Data for analysis:
════
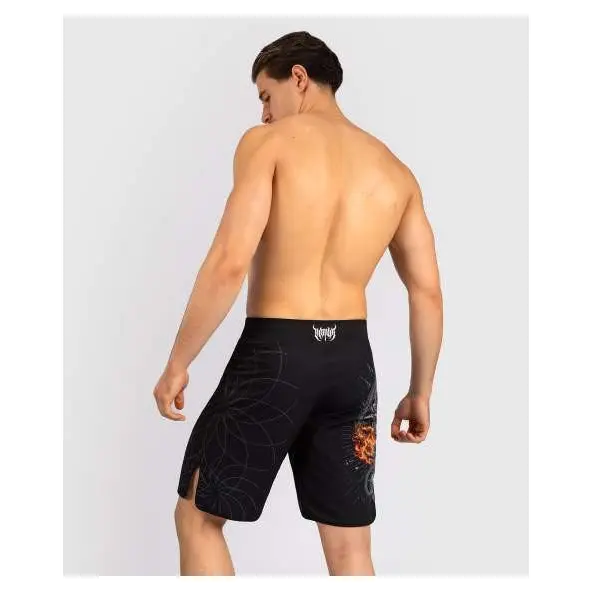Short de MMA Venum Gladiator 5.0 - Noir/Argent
════
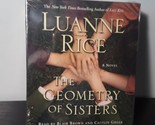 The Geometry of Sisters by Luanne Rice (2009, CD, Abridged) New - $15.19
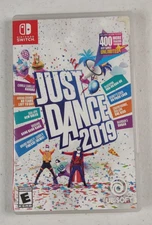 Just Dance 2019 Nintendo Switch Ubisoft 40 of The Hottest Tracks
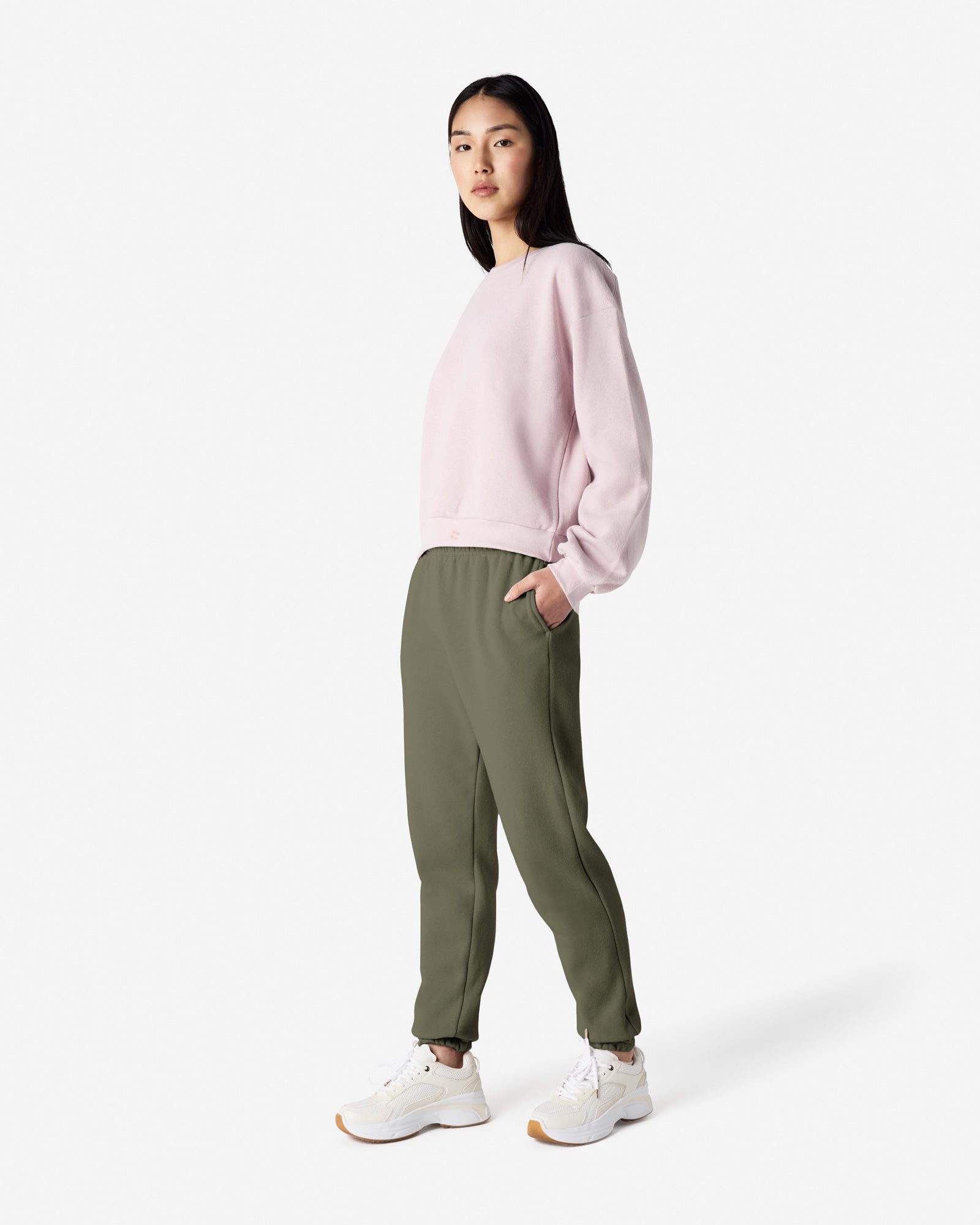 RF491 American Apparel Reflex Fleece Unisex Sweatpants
════
Go to the line above that has "Just Dance 2019" and copy exactly from there down to the line that has "RF491 American Apparel", both included. Leave the pictures out.

 Just Dance 2019 Nintendo Switch Ubisoft 40 of The Hottest Tracks
 RF491 American Apparel Reflex Fleece Unisex Sweatpants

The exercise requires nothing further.